Re: Check for orphaned items in lru crawler thread

dormando Mon, 13 Jul 2015 17:54:33 -0700

> First, more detail for you:
>
> We are running 1.4.24 in production and haven't noticed any bugs as of yet. 
> The new LRUs seem to be working well, though we nearly always run memcached 
> scaled to hold all data without evictions. Those with evictions are behaving 
> well. Those without evictions haven't seen crashing or any other noticeable 
> bad behavior.


Neat.

>
> OK, I think I see an area where I was speculating on functionality. If you 
> have a key in slab 21 and then the same key is written again at a larger size 
> in slab 23 I assumed that the space in 21 was not freed on the second write. 
> With that assumption, the LRU crawler would not free up that space. Also just 
> by observation in the macro, the space is not freed
> fast enough to be effective, in our use case, to accept the writes that are 
> happening. Think in the hundreds of millions of "overwrites" in a 6 - 10 hour 
> period across a cluster.

Internally, "items" (a key/value pair) are generally immutable. The only
time when it's not is for INCR/DECR, and it still becomes immutable if two
INCR/DECR's collide.

What this means, is that the new item is staged in a piece of free memory
while the "upload" stage of the SET happens. When memcached has all of the
data in memory to replace the item, it does an internal swap under a lock.
The old item is removed from the hash table and LRU, and the new item gets
put in its place (at the head of the LRU).

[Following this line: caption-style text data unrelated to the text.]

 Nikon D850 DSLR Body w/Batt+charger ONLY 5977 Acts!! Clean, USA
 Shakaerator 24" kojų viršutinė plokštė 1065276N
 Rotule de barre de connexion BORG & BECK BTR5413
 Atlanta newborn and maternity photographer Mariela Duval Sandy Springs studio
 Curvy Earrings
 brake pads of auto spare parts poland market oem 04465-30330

Since items are refcounted, this means that if other users are downloading
an item which just got replaced, their memory doesn't get corrupted by the
item changing out from underneath them. They can continue to read the old
item until they're done. When the refcount reaches zero the old memory is
reclaimed.

Most of the time, the item replacement happens then the old memory is
immediately removed.

However, this does mean that you need *one* piece of free memory to
replace the old one. Then the old memory gets freed after that set.

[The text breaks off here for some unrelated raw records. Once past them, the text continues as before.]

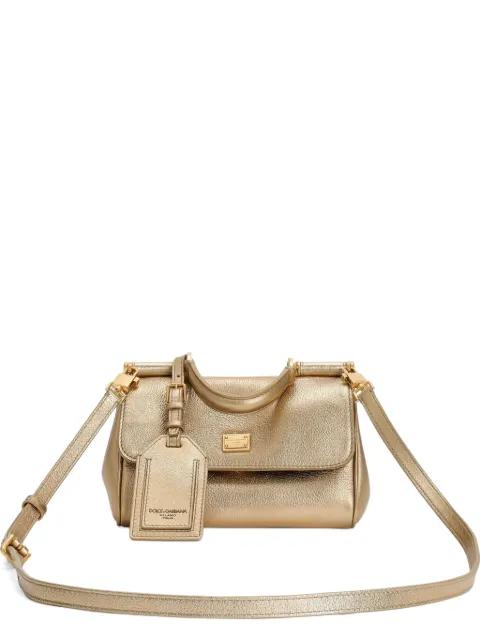 My Sicily handbag by DOLCE&GABBANA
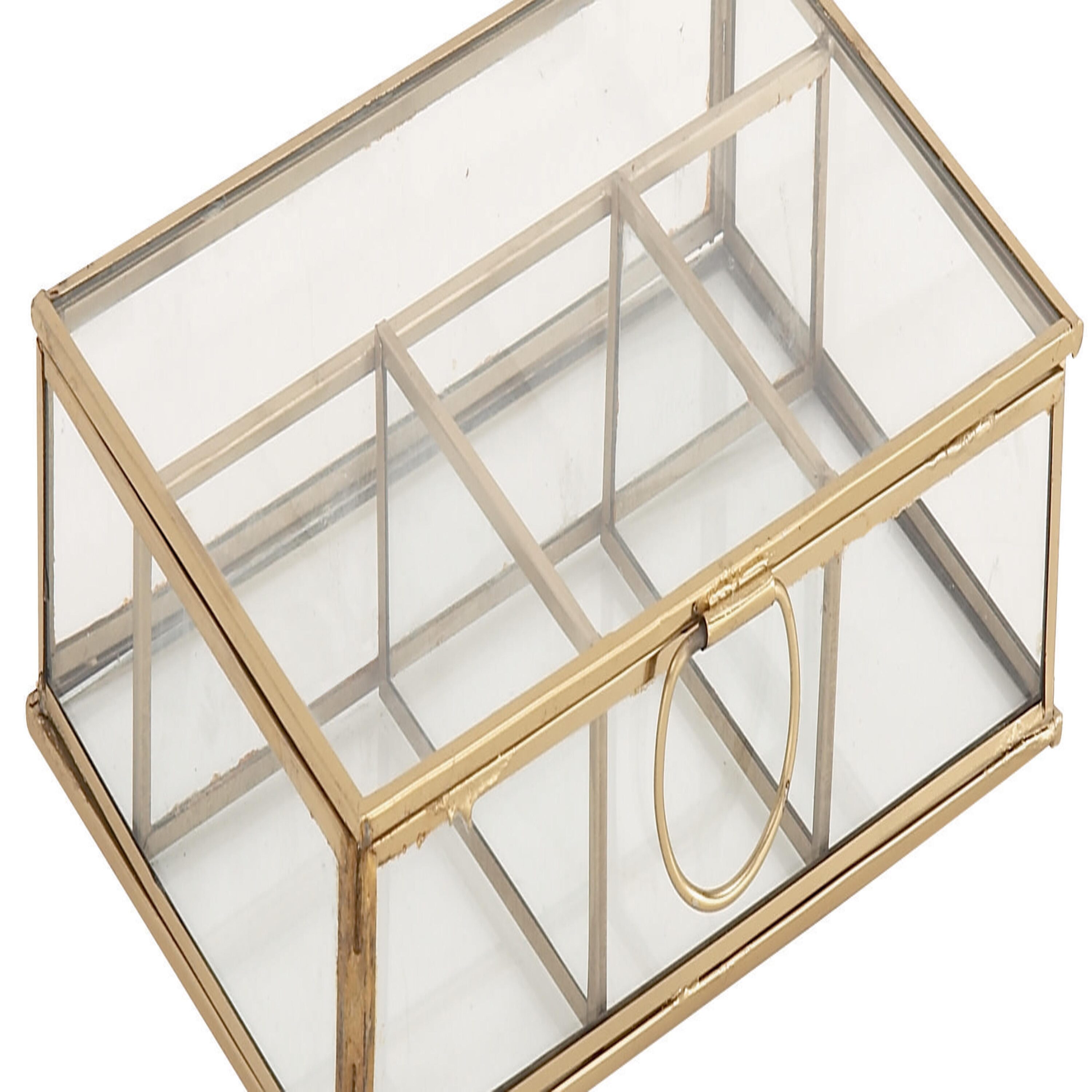 CosmoLiving by Cosmopolitan 54288 Jewelry-Organization - View #7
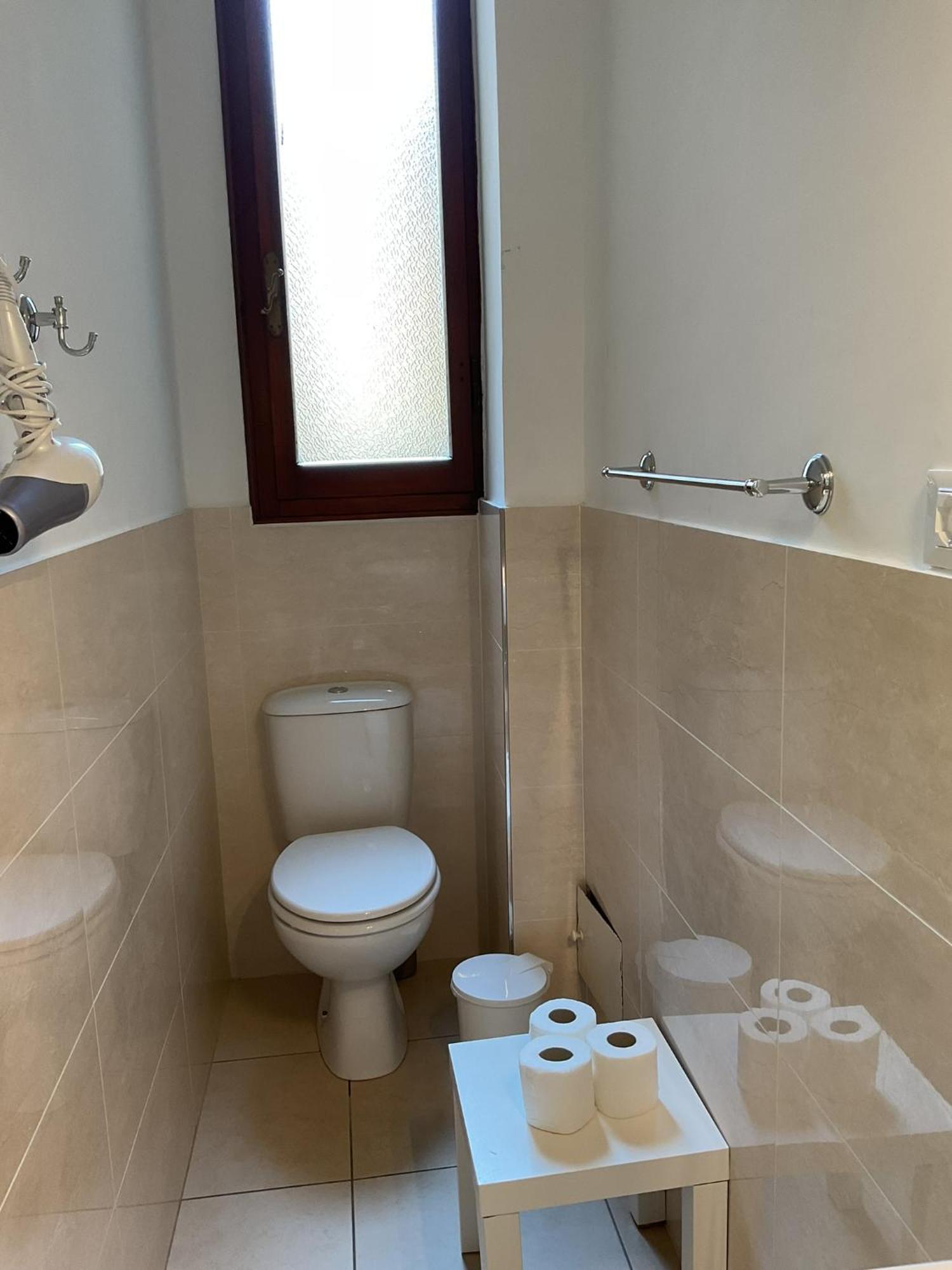 Oro 1 Apartment Florence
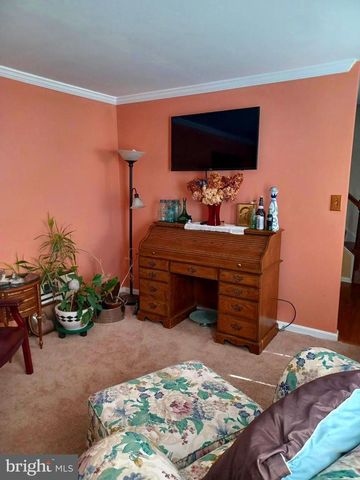 17 BLACKBURN CT, Burtonsville, MD 20866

So if you take a memcached instance with 0 free chunks, and do a rolling
replacement of all items (within the same slab class as before), the first
one would cause an eviction from the tail of the LRU to get a free chunk.
Every SET after that would use the chunk freed from the replacement of the
previous memory.

> After that last sentence I realized I also may not have explained well enough 
> the access pattern. The keys are all overwritten every day, but it takes some 
> time to write them all (obviously). We see a huge increase in the bytes 
> metric as if the new data for the old keys was being written for the first 
> time. Since the "old" slab for the same key doesn't
> proactively release memory, it starts to fill up the cache and then start 
> evicting data in the new slab. Once that happens, we see evictions in the old 
> slab because of the algorithm you mentioned (random picking / freeing of 
> memory). Typically we don't see any use for "upgrading" an item as the new 
> data would be entirely new and should wholesale replace the
> old data for that key. More specifically, the operation is always set, with 
> different data each day.

Right. Most of your problems will come from two areas. One being that
writing data aggressively into the new slab class (unless you set the
rebalancer to always-replace mode), the mover will make memory available
more slowly than you can insert. So you'll cause extra evictions in the
new slab class.

The secondary problem is from the random evictions in the previous slab
class as stuff is chucked on the floor to make memory moveable.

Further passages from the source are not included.